Coeur Mining (CDE) is the largest U.S. silver producer. Due to tightening margins due to declining silver prices, the company has taken steps such as complete reviews of operations, replacing the CEO and rationalizing staff levels, relocated its corporate headquarters, accomplishing buybacks worth $32 million and shored up its finances by arranging outside financing as well as achieving record levels of cash generation from operations partly by slashing costs. With $332.8 million in cash and cash equivalents as well as almost $13 million in cash flow for the first quarter, currently 25% of the company's market capitalization is made up of cash.
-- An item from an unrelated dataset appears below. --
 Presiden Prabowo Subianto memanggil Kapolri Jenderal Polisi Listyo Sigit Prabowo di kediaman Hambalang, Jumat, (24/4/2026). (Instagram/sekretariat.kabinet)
The company recently reported a tripling of its first-quarter net income assisted by an accounting adjustment and increased gold production. The company earned $12.3 million ($0.14 per share) for the quarter compared to $4 million ($0.04 per share) for the same quarter of the previous year. The results included an adjustment which contributed $17.8 million to earnings based on prevailing gold prices. The company has concentrated on managing its geopolitical risk by increasing its focus on domestic US production particularly in its flagship Rochester mine in Nevada. It operates 2 of the 10 largest silver mines in the world and has concentrated its presence in 5 of the top silver mining countries
I recently wrote an article about silver streaming company Silver Wheaton (SLW). The company itself does not mine or produce any silver itself. Alternatively, it holds a number agreements in which, in return for upfront payments, it has the right to buy all or some of the silver and gold production at low fixed prices from high-quality mines. For 2013, the company's production is expected to be approximately 33.5 million silver equivalent ounces, including 145,000 ounces of gold, making it one of the largest silver producers in the world. SLW's silver production is expected to grow by nearly 60% to 53 million silver equivalent ounces including 180,000 ounces of gold. The company provides investors with leverage to increasing silver and gold prices due to its unhedged exposure to the metals and its fixed payment structure for the metals.
The bottom line
The slump in silver prices has resulted in enhanced demand for the physical metal and the U.S. Mint expects to see record sales of gold and silver coins in 2013 with other institutions also reporting increased sales of physical silver. Hedge funds and other investors have also become bullish on silver and you should always remember that 50% of silver is used in industrial uses compared to 10% for gold. There is reason for optimism that price growth will be back by the end of 2013 and any form of silver investment should appreciate thereafter.